Natxo Leuza filma una radiografía familiar de un rockero de pura cepa
Chipi chapa, chipi chapa….
Con “Barricada”, en el amanecer de los años 80, se puso en marcha, al menos en Navarra, un fenómeno cultural, un cambio de paradigma. En la Euskadi de ese decenio, chocaban dos momentos históricos y dos generaciones más alejadas entre sí de lo que los años biológicos les separaban. Lo viejo y lo nuevo se daban la espalda en un contexto de plomo, drogas y rock and roll. Lo del sexo en Euskadi siempre ha sido cosa de otro nivel. Eso pasaba en otras partes.

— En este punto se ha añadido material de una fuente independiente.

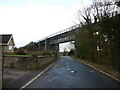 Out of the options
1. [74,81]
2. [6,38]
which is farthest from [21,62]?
[6,38]

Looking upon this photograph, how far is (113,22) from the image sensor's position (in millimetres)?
16484

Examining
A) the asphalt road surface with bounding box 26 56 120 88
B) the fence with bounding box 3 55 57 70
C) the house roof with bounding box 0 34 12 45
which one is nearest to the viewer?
the asphalt road surface with bounding box 26 56 120 88

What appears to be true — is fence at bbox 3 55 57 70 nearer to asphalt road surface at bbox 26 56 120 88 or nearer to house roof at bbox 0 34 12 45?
asphalt road surface at bbox 26 56 120 88

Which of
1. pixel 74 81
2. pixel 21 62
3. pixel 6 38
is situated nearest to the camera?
pixel 74 81

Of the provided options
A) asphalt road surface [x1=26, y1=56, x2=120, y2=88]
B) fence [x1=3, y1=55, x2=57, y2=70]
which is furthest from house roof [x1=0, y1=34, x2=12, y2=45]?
asphalt road surface [x1=26, y1=56, x2=120, y2=88]

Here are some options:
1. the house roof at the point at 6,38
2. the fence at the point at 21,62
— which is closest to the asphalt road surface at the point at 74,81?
the fence at the point at 21,62

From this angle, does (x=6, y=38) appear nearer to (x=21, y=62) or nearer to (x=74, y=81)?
(x=21, y=62)

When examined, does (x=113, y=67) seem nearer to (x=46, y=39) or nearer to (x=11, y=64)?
(x=11, y=64)

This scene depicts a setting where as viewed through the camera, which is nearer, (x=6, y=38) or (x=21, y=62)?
(x=21, y=62)

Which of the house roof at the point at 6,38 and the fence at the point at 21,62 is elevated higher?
the house roof at the point at 6,38

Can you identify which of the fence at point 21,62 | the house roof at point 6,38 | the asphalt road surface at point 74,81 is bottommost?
the asphalt road surface at point 74,81

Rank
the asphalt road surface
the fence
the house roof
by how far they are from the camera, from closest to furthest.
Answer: the asphalt road surface, the fence, the house roof

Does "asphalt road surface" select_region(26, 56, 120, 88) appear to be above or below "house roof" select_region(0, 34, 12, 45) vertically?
below

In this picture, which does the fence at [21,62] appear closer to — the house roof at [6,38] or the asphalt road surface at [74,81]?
the asphalt road surface at [74,81] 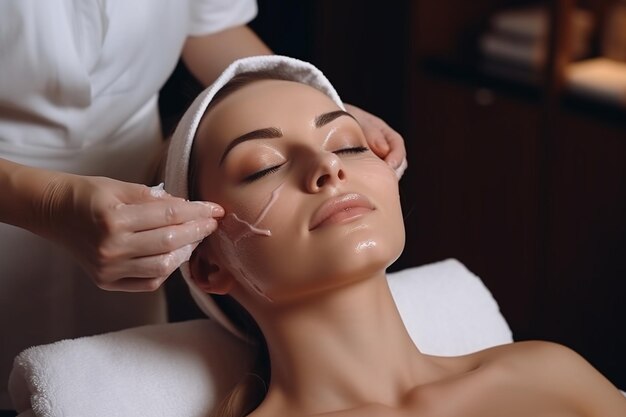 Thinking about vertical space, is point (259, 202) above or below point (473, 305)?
above

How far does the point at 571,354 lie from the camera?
5.01 feet

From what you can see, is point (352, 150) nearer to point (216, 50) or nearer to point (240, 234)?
point (240, 234)

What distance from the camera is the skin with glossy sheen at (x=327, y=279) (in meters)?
1.34

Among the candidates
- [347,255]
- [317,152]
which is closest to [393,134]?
[317,152]

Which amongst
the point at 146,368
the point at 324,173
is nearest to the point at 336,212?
the point at 324,173

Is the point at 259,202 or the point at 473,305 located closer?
the point at 259,202

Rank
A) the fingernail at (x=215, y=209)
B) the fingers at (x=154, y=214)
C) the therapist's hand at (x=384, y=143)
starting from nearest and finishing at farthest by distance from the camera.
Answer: the fingers at (x=154, y=214)
the fingernail at (x=215, y=209)
the therapist's hand at (x=384, y=143)

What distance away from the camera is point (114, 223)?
3.84ft

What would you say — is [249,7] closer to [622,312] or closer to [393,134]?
[393,134]

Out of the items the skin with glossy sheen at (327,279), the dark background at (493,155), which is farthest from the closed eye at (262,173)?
the dark background at (493,155)

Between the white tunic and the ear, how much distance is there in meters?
0.30

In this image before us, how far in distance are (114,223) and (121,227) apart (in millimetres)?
10

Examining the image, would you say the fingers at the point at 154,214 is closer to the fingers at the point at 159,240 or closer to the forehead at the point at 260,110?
the fingers at the point at 159,240

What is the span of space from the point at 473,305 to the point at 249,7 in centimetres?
77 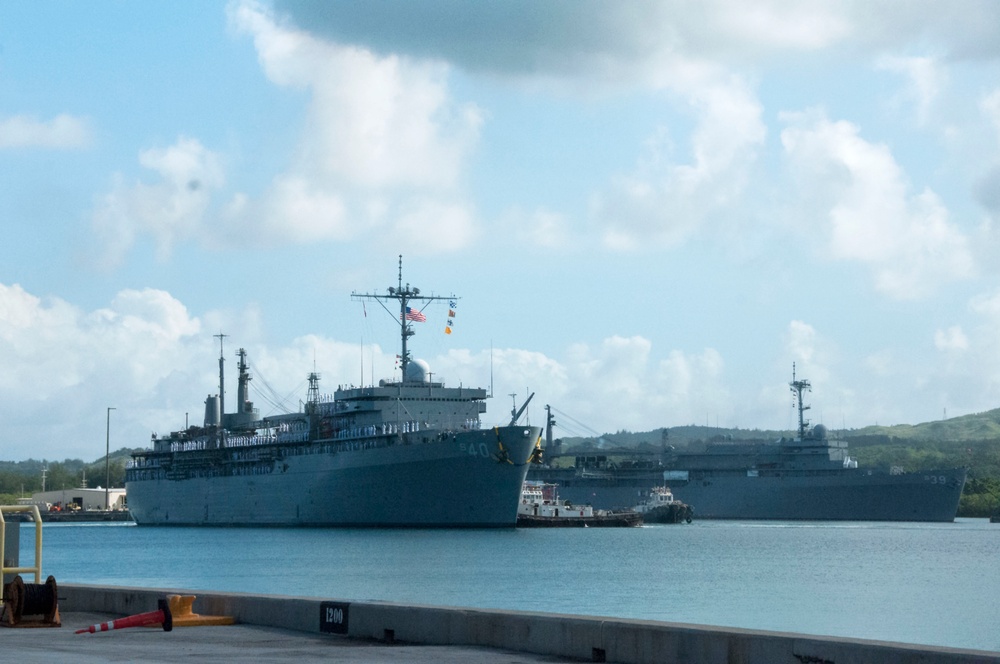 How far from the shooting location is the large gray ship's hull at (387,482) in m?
61.1

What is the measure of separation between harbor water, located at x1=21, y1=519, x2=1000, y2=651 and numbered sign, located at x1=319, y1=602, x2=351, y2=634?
12.2 meters

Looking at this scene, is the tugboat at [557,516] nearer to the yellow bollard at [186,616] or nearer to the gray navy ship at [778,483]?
the gray navy ship at [778,483]

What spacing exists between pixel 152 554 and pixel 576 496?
55118 mm

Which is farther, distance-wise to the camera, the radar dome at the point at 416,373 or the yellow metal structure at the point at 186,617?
the radar dome at the point at 416,373

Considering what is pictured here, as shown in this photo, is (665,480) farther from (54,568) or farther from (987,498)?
(54,568)

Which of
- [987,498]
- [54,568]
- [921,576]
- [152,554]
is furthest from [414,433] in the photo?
[987,498]

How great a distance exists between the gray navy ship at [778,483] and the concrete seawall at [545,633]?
86159 millimetres

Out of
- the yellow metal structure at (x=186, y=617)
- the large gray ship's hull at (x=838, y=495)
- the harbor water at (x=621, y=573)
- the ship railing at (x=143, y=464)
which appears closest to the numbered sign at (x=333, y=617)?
the yellow metal structure at (x=186, y=617)

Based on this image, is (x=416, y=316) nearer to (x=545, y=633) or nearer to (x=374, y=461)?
(x=374, y=461)

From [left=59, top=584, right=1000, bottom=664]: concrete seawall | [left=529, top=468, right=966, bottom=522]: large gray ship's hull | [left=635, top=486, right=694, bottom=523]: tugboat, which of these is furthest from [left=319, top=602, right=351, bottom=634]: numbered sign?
[left=529, top=468, right=966, bottom=522]: large gray ship's hull

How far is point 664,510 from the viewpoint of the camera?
300 ft

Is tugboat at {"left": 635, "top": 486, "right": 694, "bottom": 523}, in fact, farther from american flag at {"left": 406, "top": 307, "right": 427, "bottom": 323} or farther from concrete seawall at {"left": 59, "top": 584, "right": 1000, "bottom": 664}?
concrete seawall at {"left": 59, "top": 584, "right": 1000, "bottom": 664}

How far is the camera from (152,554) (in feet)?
178

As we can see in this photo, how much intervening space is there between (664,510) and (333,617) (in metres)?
80.6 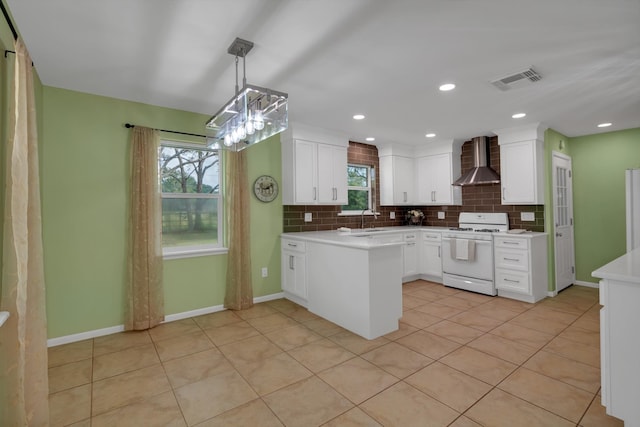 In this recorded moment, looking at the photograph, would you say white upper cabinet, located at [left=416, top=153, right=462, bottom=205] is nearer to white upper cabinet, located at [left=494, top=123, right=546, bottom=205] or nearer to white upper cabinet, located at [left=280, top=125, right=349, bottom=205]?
white upper cabinet, located at [left=494, top=123, right=546, bottom=205]

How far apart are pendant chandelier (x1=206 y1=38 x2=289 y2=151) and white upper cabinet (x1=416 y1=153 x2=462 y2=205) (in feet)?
12.4

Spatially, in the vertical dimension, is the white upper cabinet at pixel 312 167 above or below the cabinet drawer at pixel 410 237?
above

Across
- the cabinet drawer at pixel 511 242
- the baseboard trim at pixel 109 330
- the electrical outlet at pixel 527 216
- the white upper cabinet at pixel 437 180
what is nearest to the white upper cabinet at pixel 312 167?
the baseboard trim at pixel 109 330

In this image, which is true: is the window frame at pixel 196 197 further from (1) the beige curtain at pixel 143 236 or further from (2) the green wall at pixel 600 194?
(2) the green wall at pixel 600 194

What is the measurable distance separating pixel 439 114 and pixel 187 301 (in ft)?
12.3

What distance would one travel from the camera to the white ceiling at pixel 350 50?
5.90 ft

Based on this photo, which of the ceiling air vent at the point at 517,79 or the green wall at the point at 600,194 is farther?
the green wall at the point at 600,194

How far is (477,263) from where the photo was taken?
442 centimetres

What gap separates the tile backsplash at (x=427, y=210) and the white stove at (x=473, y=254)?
7.4 inches

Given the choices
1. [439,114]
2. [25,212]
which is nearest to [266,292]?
[25,212]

Con un amanecer comienza el documental sobre el Drogas, uno de los cuatro integrantes de la formación inicial de Barricada. Dos desaparecieron con el primer disco. Uno de ellos, murió casi al pie del escenario. Luego otros dos ocuparon ese vacío. En los penúltimos tiempos incluso un tercero reemplazó a Fernando, el batería titular tras la muerte de Mikel Astrain.
En el amanecer de este documental asistimos a una imagen propia de la intimidad, la del lecho del Drogas y su inseparable Mamen. A ellos y por ellos se debe todo lo que vendrá a continuación. Y lo que viene a continuación no es sino el recorrido, más o menos cronológico, de lo que han sido cuatro décadas en la vida de un personaje, porque eso es el Drogas, un personaje en la escena tras el que se halla, Enrique Villarreal, una persona de la que se nos cuenta y se nos muestra en su aspecto más cercano.
Durante meses, años, el equipo que se encuentra en la producción de este documental fue filmando cada acto, cada intervención, casi cada gesto de los que la vida diaria del Drogas sugería podía ser reflejado. Al final, la mayor parte de ese material se ha desestimado.
En su lugar, una entrevista con Enrique Villarreal articula un recorrido en el que pesa más la imagen de la persona que los recovecos del personaje. Hay más atención a reflejar ese entorno familiar que a desmenuzar el sentido y el significado del legado de Barricada y de los muchos proyectos que el Drogas ha asumido con su nombre como santo y seña, pero donde casi siempre ha estado acompañado. El Drogas siempre se ha caracterizado por su ser social, por su cercanía y por su accesibilidad.
De las diferentes miradas que podrían haberse establecido sobre esta historia y todo lo que en ella ha pasado, la de Natxo Leuza, veterano documentalista y director de este testimonio, opta por la de ponerse a su lado, de su lado y con él. En “El Drogas. El documental”, más que una mirada externa que escruta e indaga lo que ha sido este periplo, asistimos a una suerte de autobiografía, un acompañamiento amable que tal vez no explore a fondo los mil perfiles y recovecos que tiene esta historia porque prefiere apostar por la cercanía de eso que se dice el factor humano.
En esa distancia corta, el Drogas se siente a gusto, hace magníficos chipi-chapas y con ellos cuenta su versión de la historia dejándose querer. El retrato satisface porque hay en él esa proximidad que le caracteriza, esa bonhomía que le define. Pero como ejercicio documental se echa de menos algo más de profundidad, algún pellizco y quizá duela el clamoroso silencio de quienes fueron sus compañeros en Barricada.
Por decirlo de alguna manera, quienes hayan leído la autobiografía de Woody Allen sabrán a que me estoy refiriendo. Hay discursos que sugieren tanto por lo que callan como por lo que han dicho.